**What you need to do**
Where an entry below contains an image, skip the image and copy the rest exactly.

------

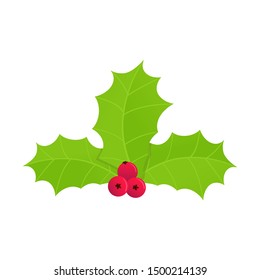 Winter and holiday symbol - holly berries icon sign. Green leaves and red berries cartoon flat style gradient design vector illustration isolated on white background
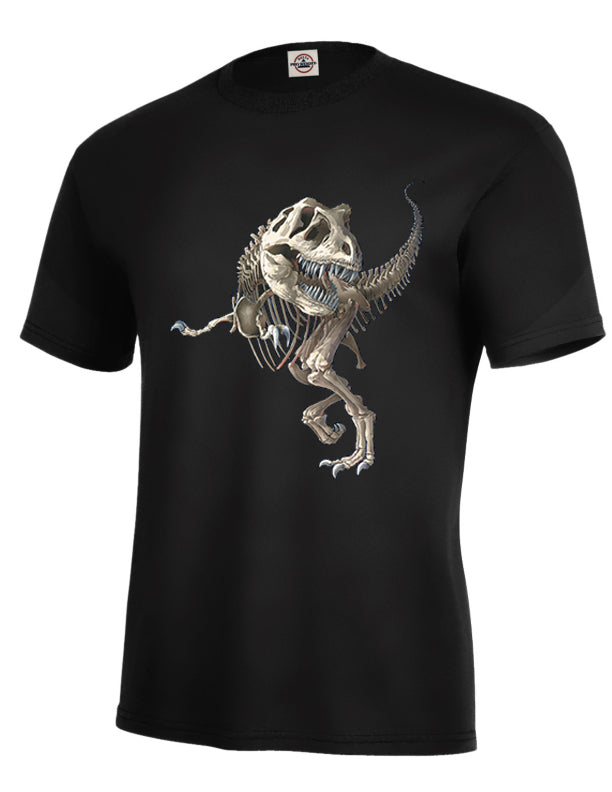 T-Bone T-Shirt - black or navy t-shirt with dinosaur art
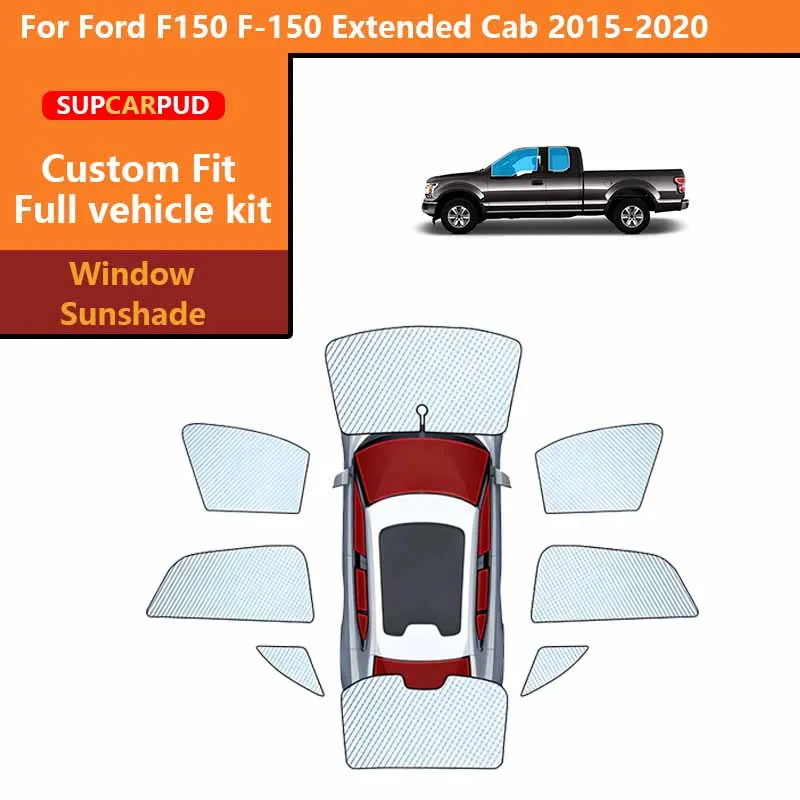 

Солнцезащитные шторки для автомобиля, защита от УФ-излучения, для Ford F150 F-150 Extended Cab 2015-2020, для передних, задних и боковых окон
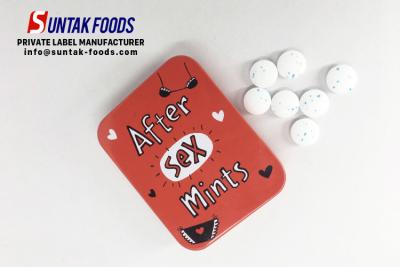 China After Sex Mints / health Sugar Free Low Calorie Candy in Hingle Tin Can for sale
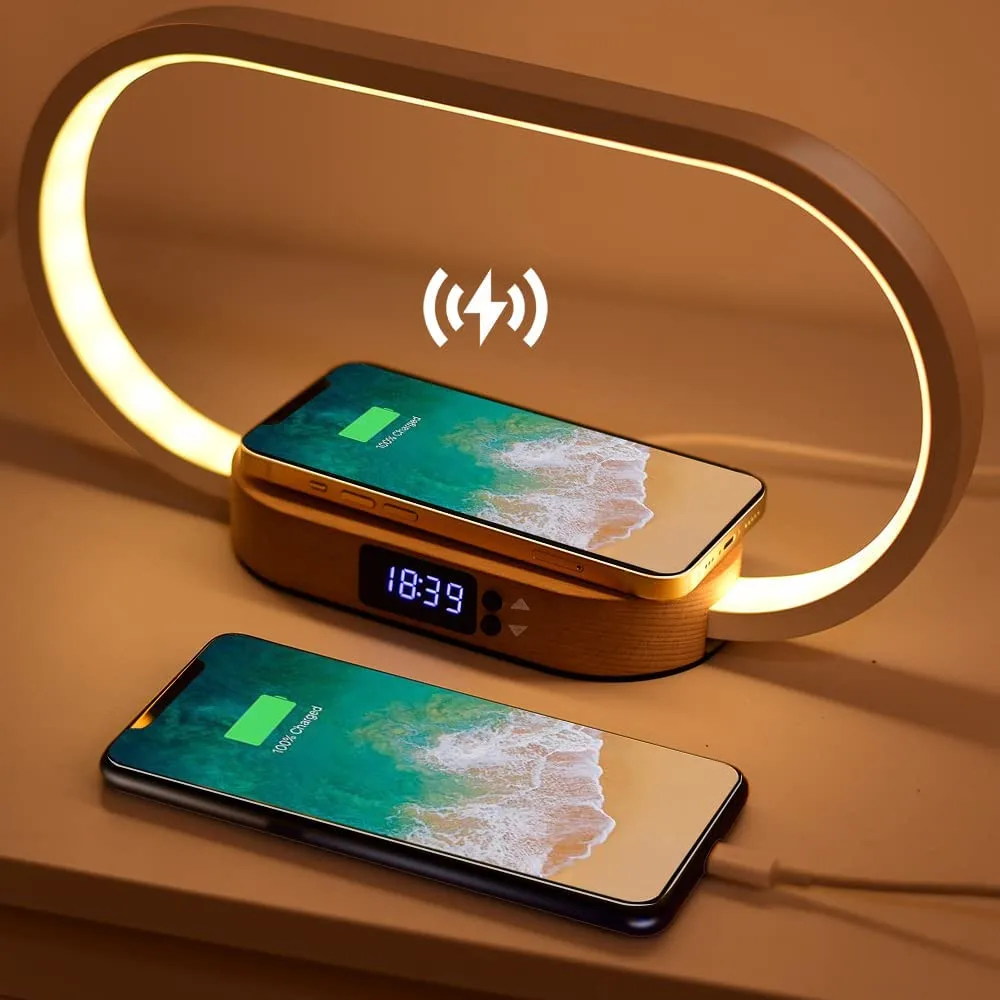 Night light with usb port charging 10w fast wireless charger nightstand lamp with clock thumb200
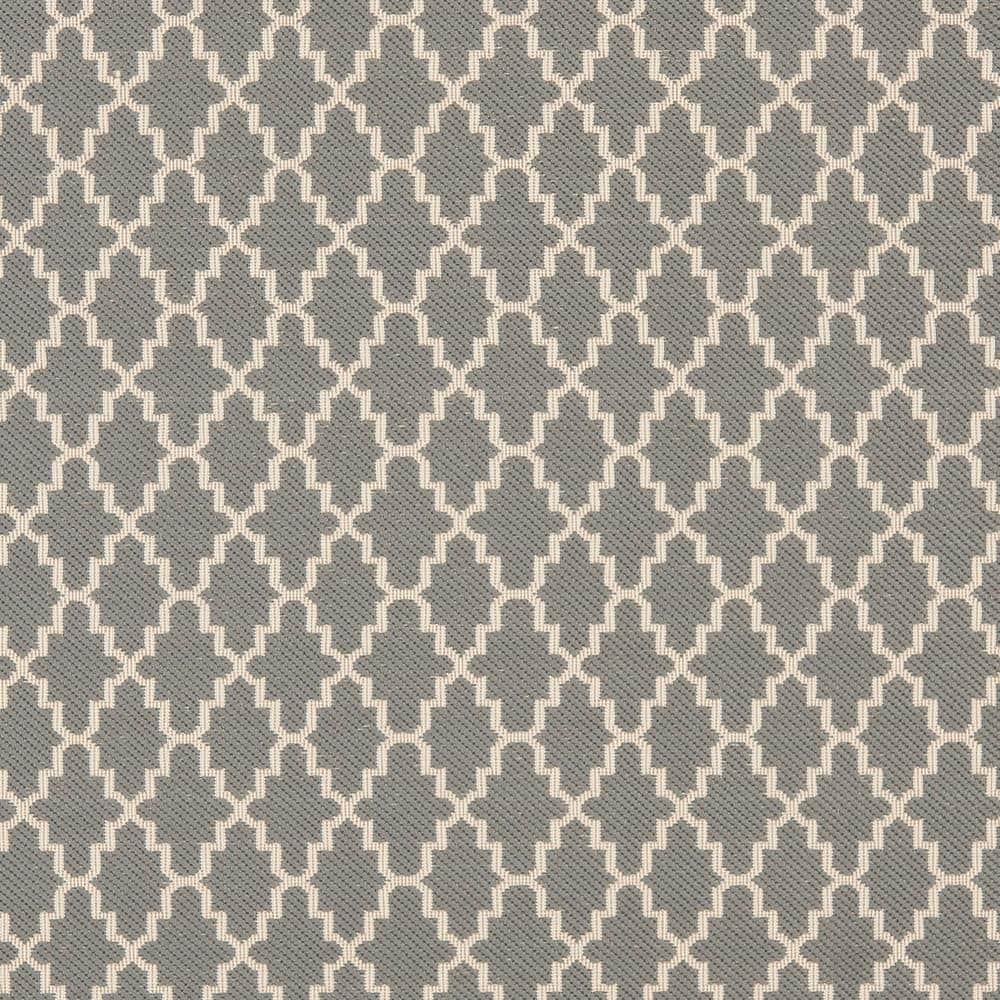 Anthracite & Beige 4' Square Synthetic Easy-Care Outdoor Rug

------

**Response**
 Winter and holiday symbol - holly berries icon sign. Green leaves and red berries cartoon flat style gradient design vector illustration isolated on white background
 T-Bone T-Shirt - black or navy t-shirt with dinosaur art

Солнцезащитные шторки для автомобиля, защита от УФ-излучения, для Ford F150 F-150 Extended Cab 2015-2020, для передних, задних и боковых окон
 China After Sex Mints / health Sugar Free Low Calorie Candy in Hingle Tin Can for sale
 Night light with usb port charging 10w fast wireless charger nightstand lamp with clock thumb200
 Anthracite & Beige 4' Square Synthetic Easy-Care Outdoor Rug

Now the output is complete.